Data segment →

----

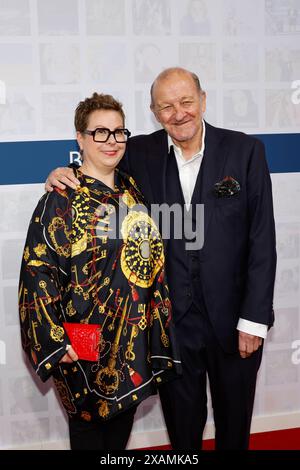 Maren Muntenbeck und Leonard Lansink bei der Bertelsmann Sommerparty in der Bertelsmann Repräsentanz Berlin. *** Maren Muntenbeck e Leonard Lansink al Bertelsmann Summer Party presso l'ufficio di rappresentanza Bertelsmann a Berlino Foto Stock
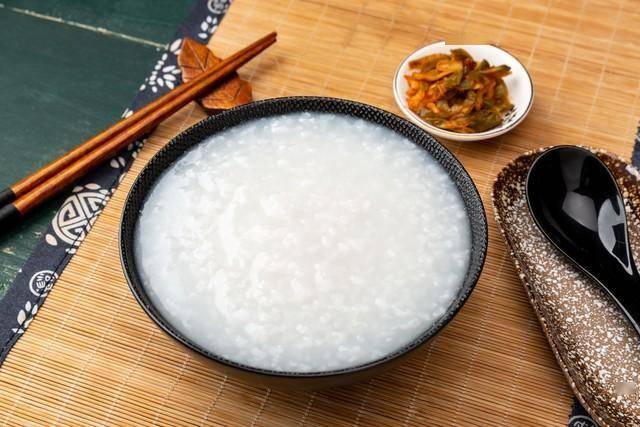 胃癌不是突然来的！身体出现4种癌前病变，是胃癌的“黄灯警告”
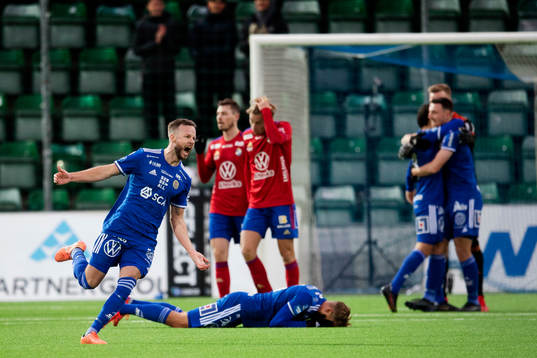 Sundsvalls Robert Lundström jublar vid slutsignal av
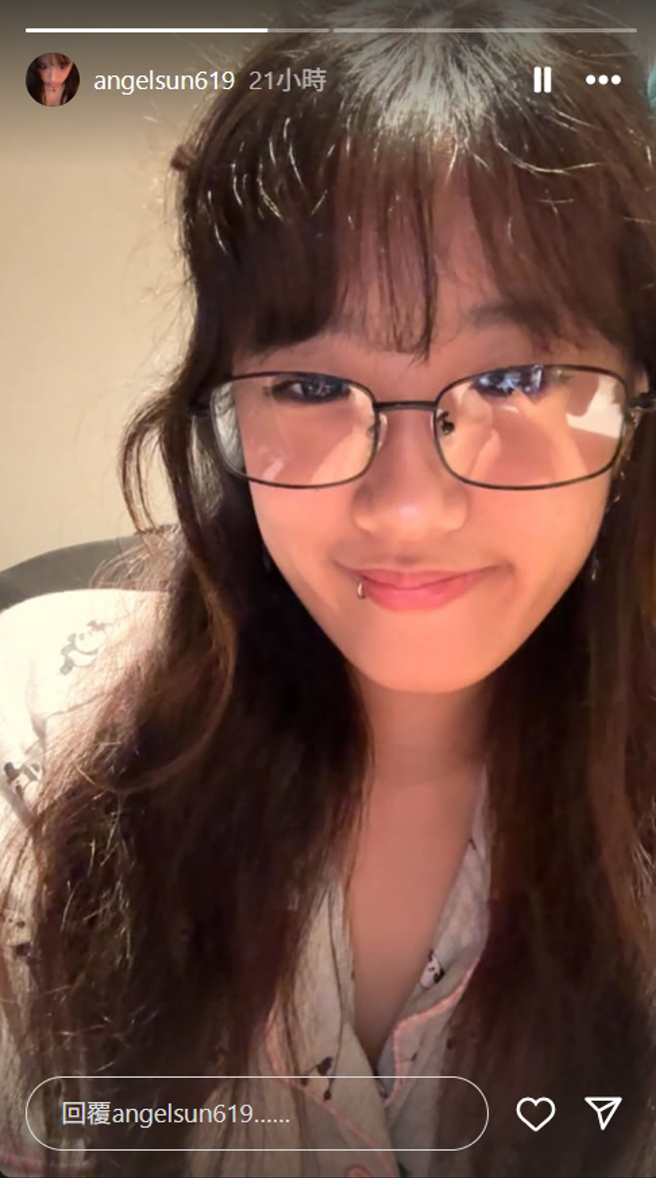 梧桐妹深夜曬出睡衣私房照，萌樣被看光。（圖／翻攝自IG@angelsun619）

----

What you need to do →
Copy the listing above verbatim; the pictures it contains are to stay out.

Exercise output →
 Maren Muntenbeck und Leonard Lansink bei der Bertelsmann Sommerparty in der Bertelsmann Repräsentanz Berlin. *** Maren Muntenbeck e Leonard Lansink al Bertelsmann Summer Party presso l'ufficio di rappresentanza Bertelsmann a Berlino Foto Stock
 胃癌不是突然来的！身体出现4种癌前病变，是胃癌的“黄灯警告”
 Sundsvalls Robert Lundström jublar vid slutsignal av
 梧桐妹深夜曬出睡衣私房照，萌樣被看光。（圖／翻攝自IG@angelsun619）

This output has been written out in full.